-- Work required --
When you reach the line with "A time for friends&hellip;.🍁🍂🍁", transcribe it and each line after it through the last one below, exactly. Pictures stay out.

BEGIN Raw data

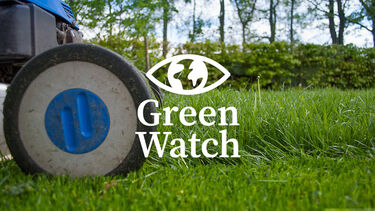 the front of an electric lawnmower cutting a lawn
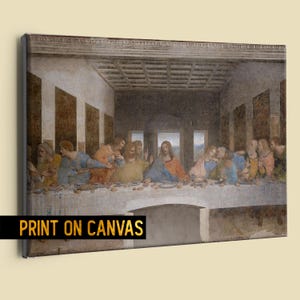 The Last Supper Restored Canvas - Leonardo da Vinci’s Biblical & Esoteric Masterpiece - Iconic Italian Renaissance art fresco reproduction
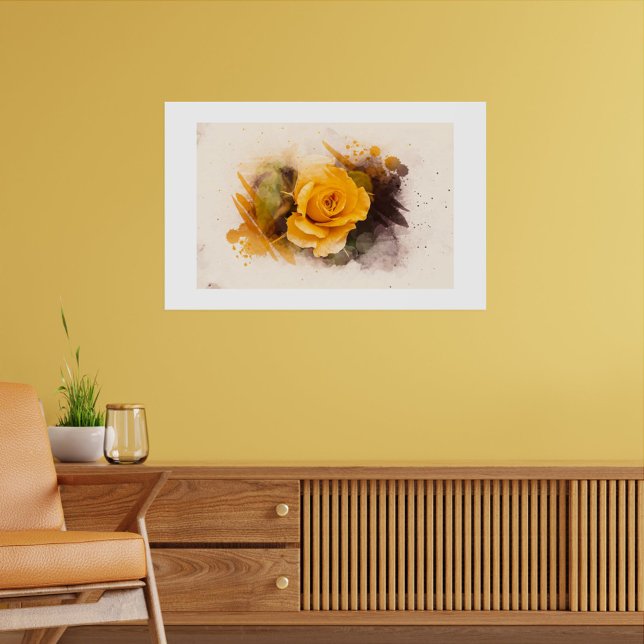 Watercolor Single Yellow Rose Poster (Creator Uploaded)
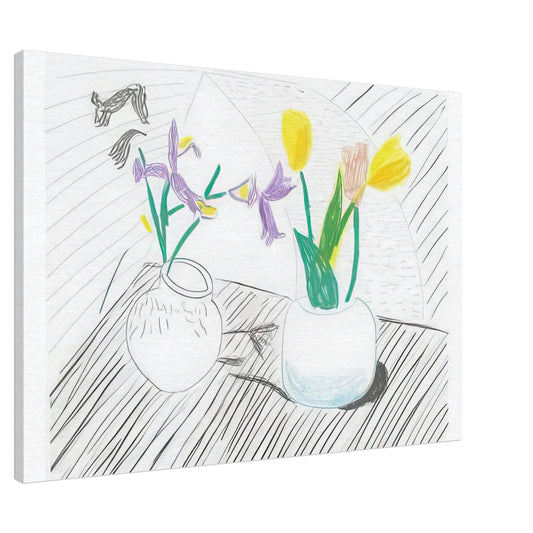 White Porcelain by David Hockney, canvas print showing two porcelain vases holding purple irises and red and yellow tulips, 30 × 45 cm (12 × 18 in).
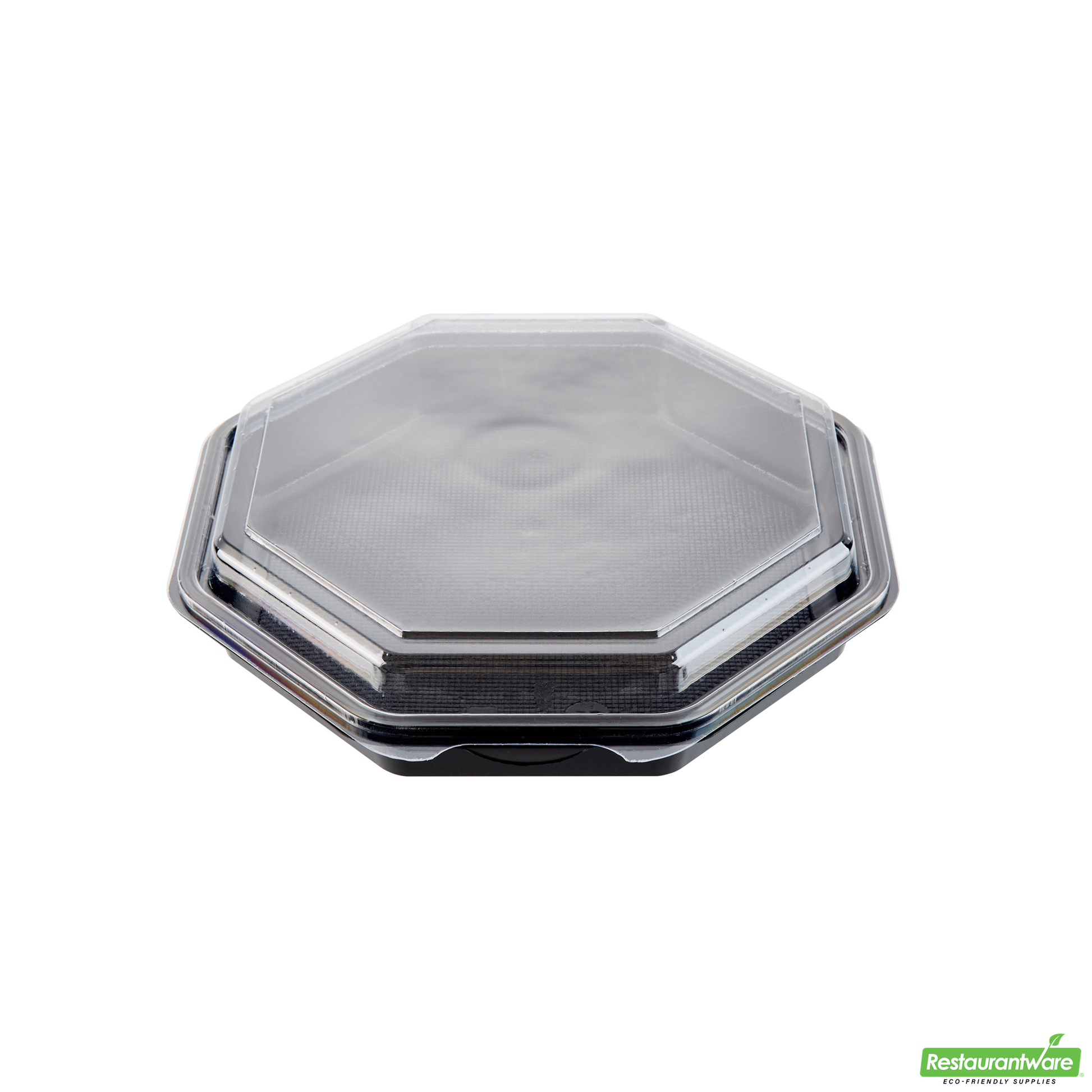 Wholesale Restaurantware Octagon Black Plastic Food Container - with Clear Lid - 9" X 9" X 2" - 100 Count Box- Bulk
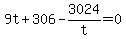 +9t+%2B+306+-+3024%2Ft+=+0+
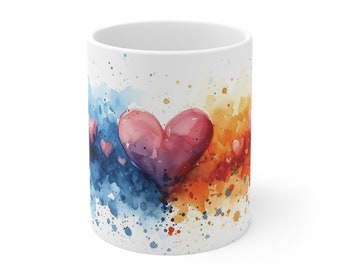 Colorful hearts Mug 11oz, Valentines day love gift, Perfect for Coffee & Tea Lovers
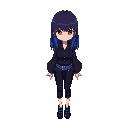 girl with long straight hair fading from indigo to blue, red eyes, calm expression. wears a dark button-up shirt with wide sleeves and a blue checkered belt, black cropped pants, and dark shoes with blue accents. 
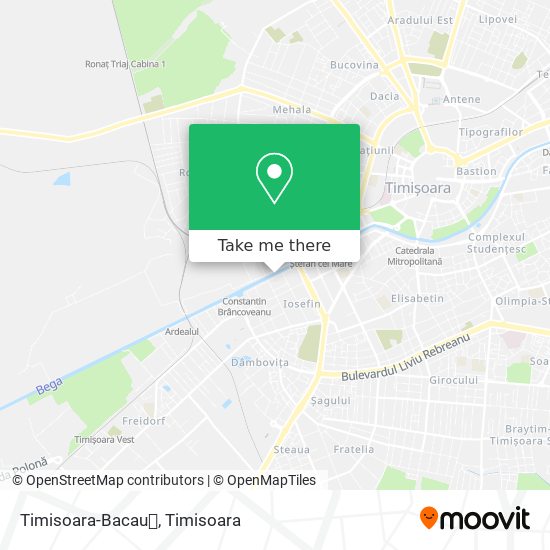 Timisoara-Bacau map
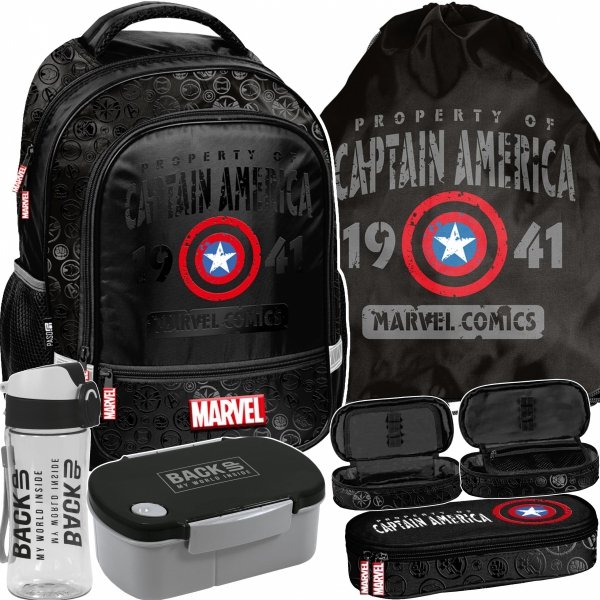 PLECAK SZKOLNY KAPITAN AMERYKA DO 1 KLASY DLA CHŁOPAKA AVENGERS KOMPLET5el
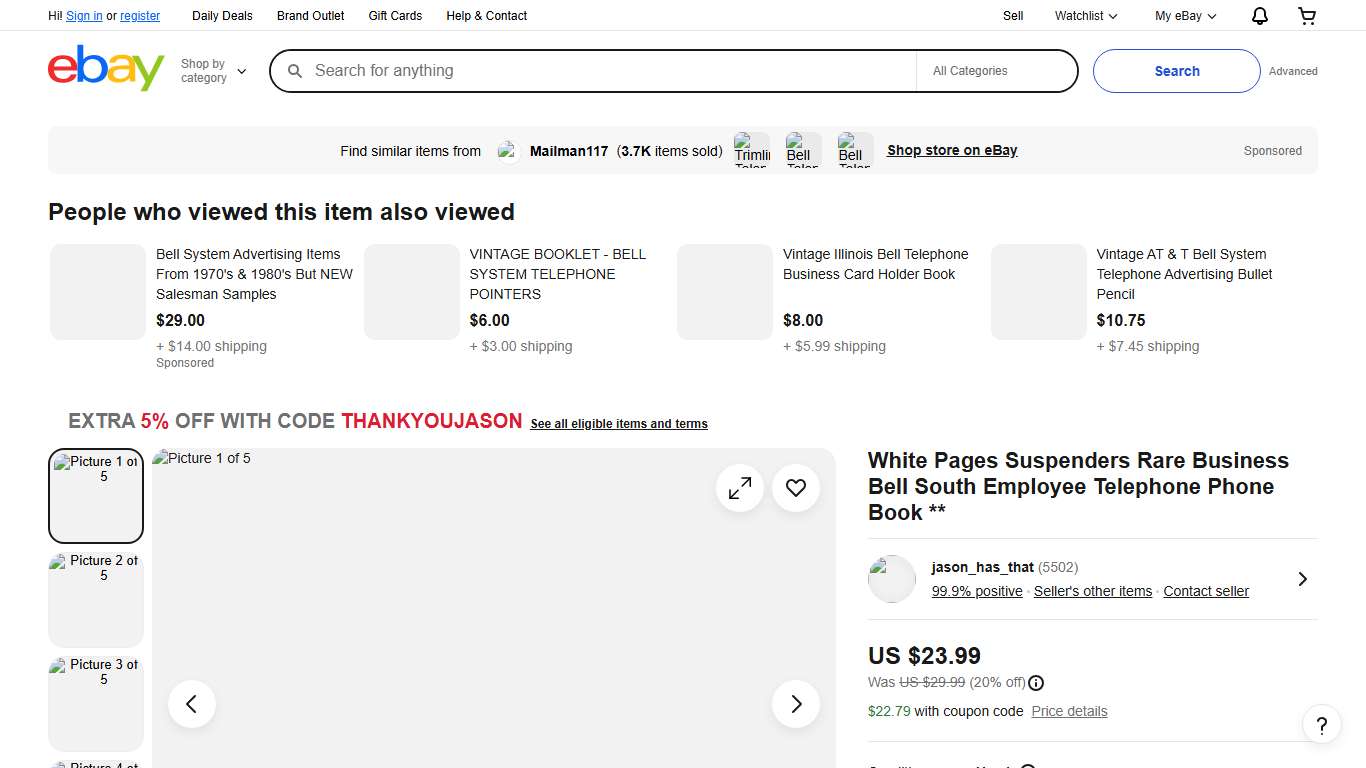 White Pages Suspenders Rare Business Bell South Employee Telephone Phone Book ** eBay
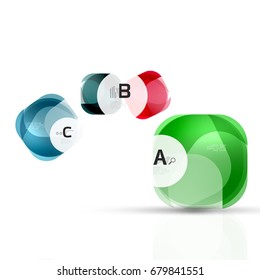 Squares on white with sample text. Geometric futuristic abstract background
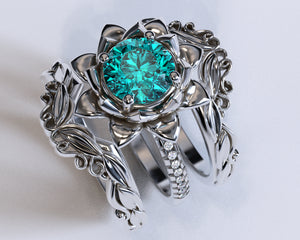 Unique Flower Aquamarine Wedding Ring Set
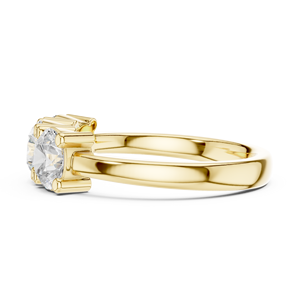 Anillo de Compromiso y Boda de Tres Piedras con Diamante Cultivado en Laboratorio, Corte Brillante Redondo, Oro Sólido de 14K, HPHT CVD - Product Image 4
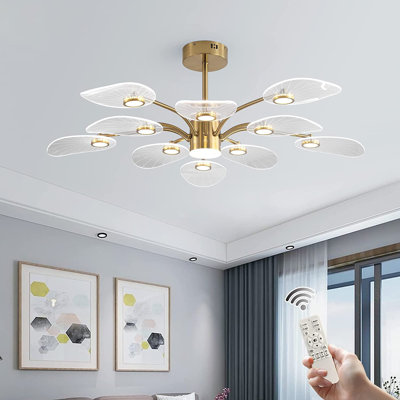 Modern Sputnik Chandelier,56w Dimmable Led Pendant Light With 10 Lights,gold Plating Branch Chandeliers Mid Century Hanging Light For Dining Room, Bedroom,living Room,kitchen,hotel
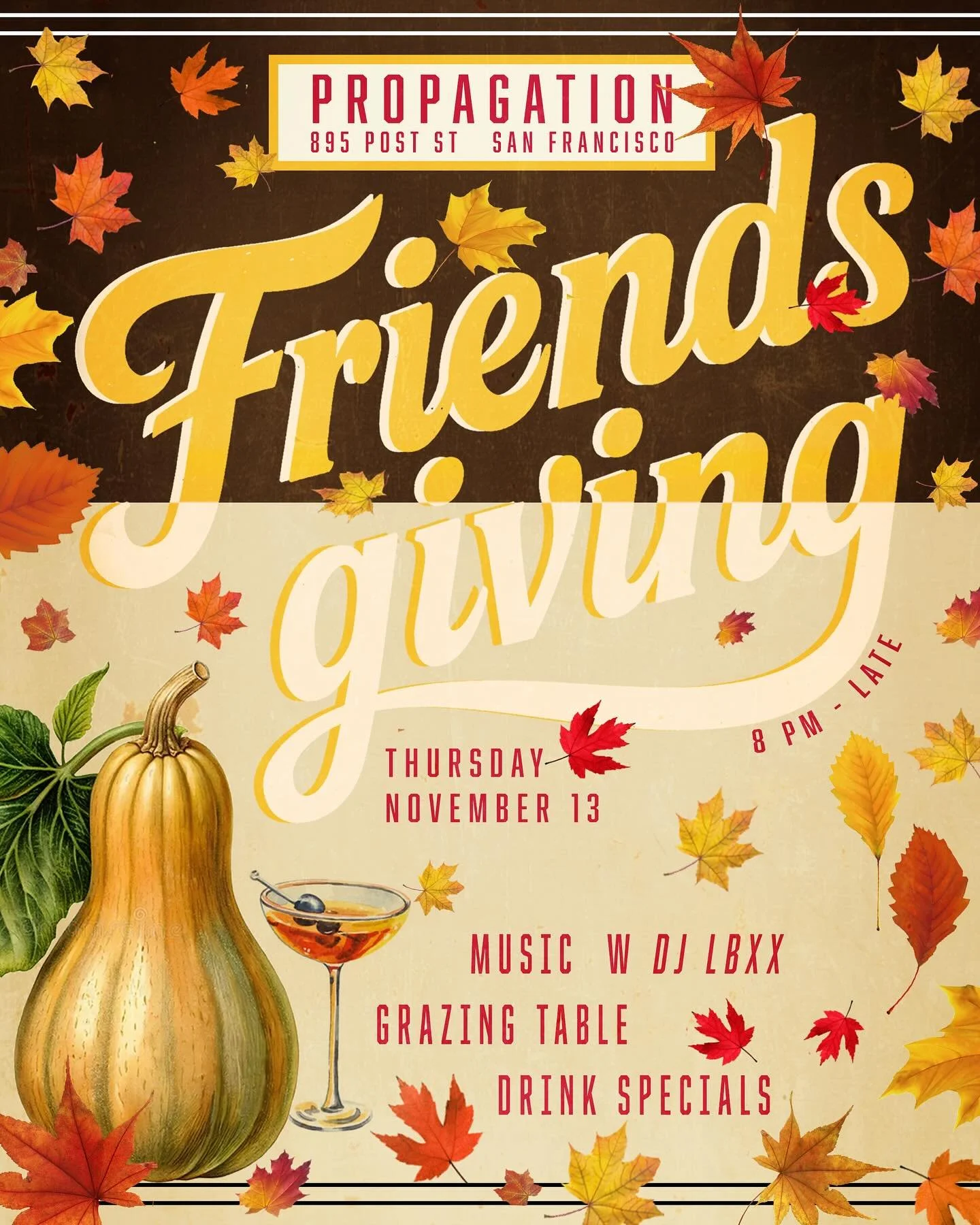A time for friends&hellip;.🍁🍂🍁
Thursday Nov 13th 8pm- close 
Drink specials, snacks, and music with @lunchboxx___ 

Flyer by : @apricomaa 🎨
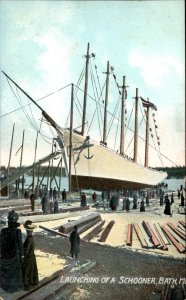 Bath Maine Schooner Launching Tall Ship c1900-20s Vintage Postcard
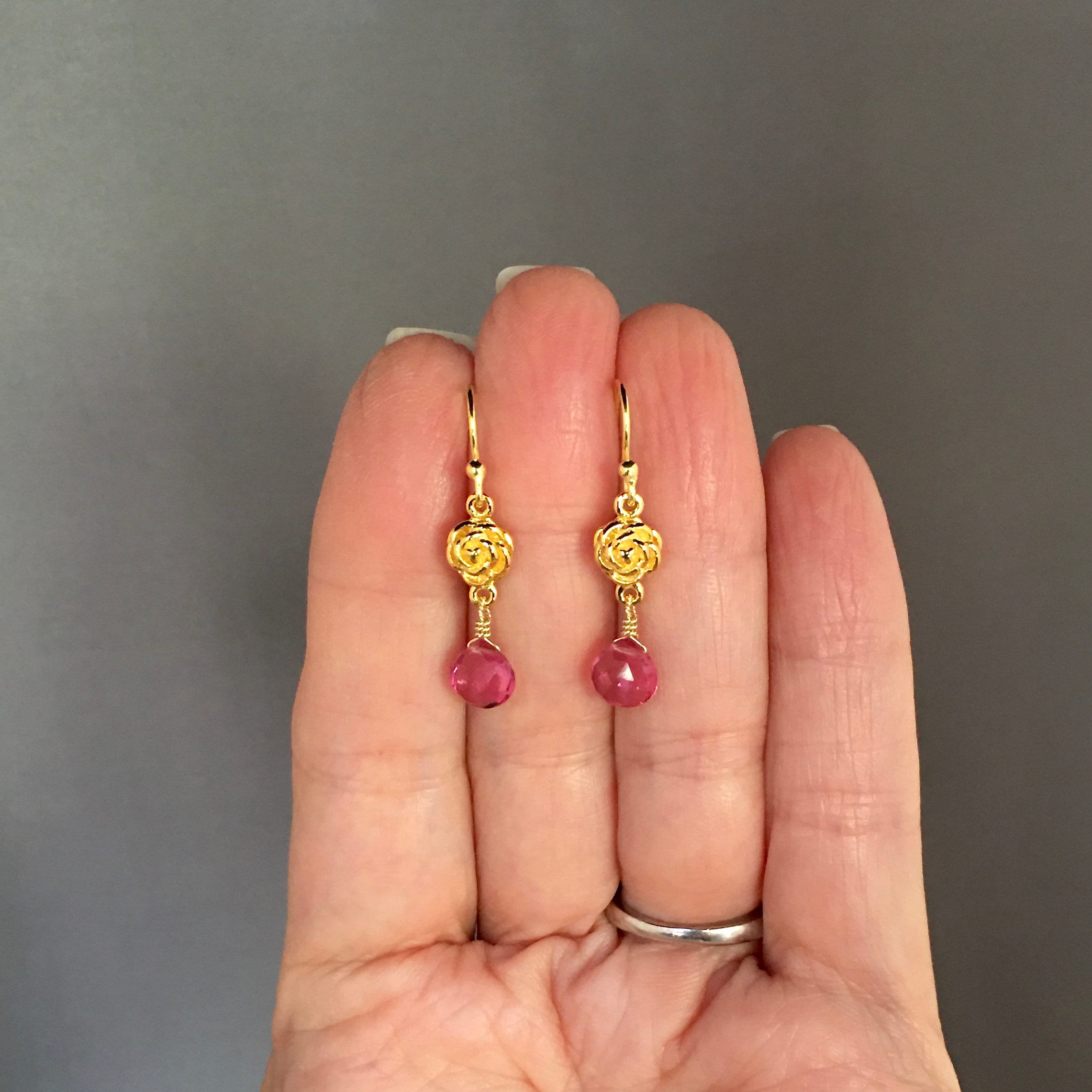 Pink Quartz Teardrop Earrings on Gold Vermeil Rosebud Links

END Raw data

-- Result below --
A time for friends&hellip;.🍁🍂🍁
Thursday Nov 13th 8pm- close 
Drink specials, snacks, and music with @lunchboxx___ 

Flyer by : @apricomaa 🎨
 Bath Maine Schooner Launching Tall Ship c1900-20s Vintage Postcard
 Pink Quartz Teardrop Earrings on Gold Vermeil Rosebud Links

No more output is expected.